Order, Supreme Court, New York County (Saralee Evans, J.), entered February 28, 2005, which, insofar as appealed from as limited by the briefs, granted the motion of the Consolidated Investing Company defendants for summary judgment dismissing plaintiffs causes of action based on Labor Law § 240 (1) and § 241 (6), dismissed the complaint, all counterclaims and third-party cross claims against them, and denied plaintiffs cross motion for summary judgment on such causes, affirmed, without costs.
The motion court properly found that Consolidated is not liable to plaintiff pursuant to the relevant sections of the Labor Law because the air conditioning installation was performed without its consent and in violation of the lease, which required prior written approval for any installations (Abbatiello v Lancaster Studio Assoc., 3 NY3d 46, 51 [2004]; Whelen v Warwick Val. Civic & Social Club, 47 NY2d 970, 971 [1979]; Ceballos v Kaufman, 249 AD2d 40 [1998]; Brown v Christopher St. Owners Corp., 211 AD2d 441, 442 [1995], affd on other grounds 87 NY2d 938 [1996]).

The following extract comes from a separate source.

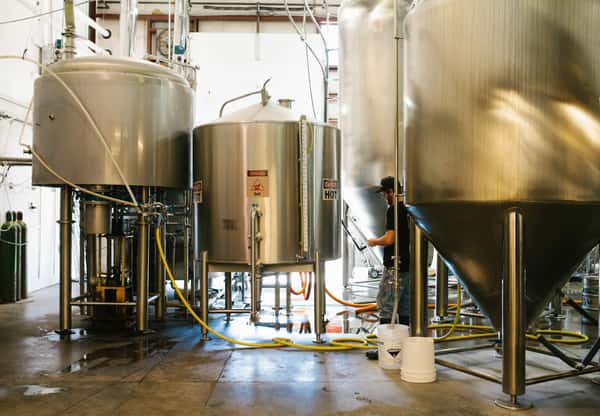 making beer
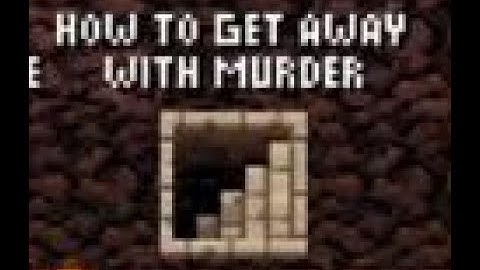 [Crypt of the NecroDancer] How to get away with murder, Short Version.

In addition to the foregoing reason, plaintiffs claim pursuant to Labor Law § 241 (6) was properly dismissed inasmuch as *333Industrial Code (12 NYCRR) § 23-6.1 (b), requiring hoisting equipment to be maintained in good repair and proper operating condition at all times, with sufficient inspections to insure such maintenance, is not sufficiently specific to support a statutory violation (see Ross v Curtis-Palmer Hydro-Elec. Co., 81 NY2d 494, 503-504 [1993]; see also Ramos v Champion Combustion, Inc., 12 AD3d 227, 228 [2004]).
We have considered plaintiffs’ other arguments and find them without merit. Concur—Andrias, J.E, Nardelli and Williams, JJ.